▸ Prompt: Leave out the pictures and restate exactly, and only, the lines from the one that contains "Robert Brown, who" through the final line of the material below.

▸ Recorded data:
-- Opening Marker --

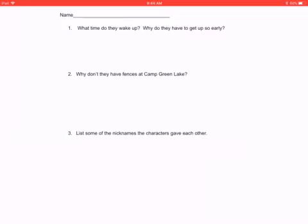Now throughout this book, most of the boys will be referred to by their nicknames. Mr. Pedanski will probably be called Mr. Pedanski and Mom. But those are some of the characters' names.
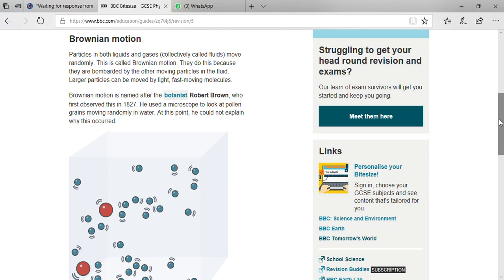Robert Brown, who first observed and gave this theory in the 19th century. In 1827, he used a microscope to look at pollen grains moving randomly in water. At this point, he could not explain why this occurred, but later other scientists explained it. The concept was from Brown.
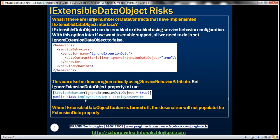What actually happens when we set this attribute to true — either through configuration or via the ServiceBehavior attribute — is that the deserializer will not populate the extension data property. When the client sends a request in XML format and the service deserializer reconstructs the employee object, it finds unknown elements but, since extension data support is turned off, it ignores them and does not store them in the extension data property.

-- Closing Marker --

▸ Output of the task:
Robert Brown, who first observed and gave this theory in the 19th century. In 1827, he used a microscope to look at pollen grains moving randomly in water. At this point, he could not explain why this occurred, but later other scientists explained it. The concept was from Brown.
What actually happens when we set this attribute to true — either through configuration or via the ServiceBehavior attribute — is that the deserializer will not populate the extension data property. When the client sends a request in XML format and the service deserializer reconstructs the employee object, it finds unknown elements but, since extension data support is turned off, it ignores them and does not store them in the extension data property.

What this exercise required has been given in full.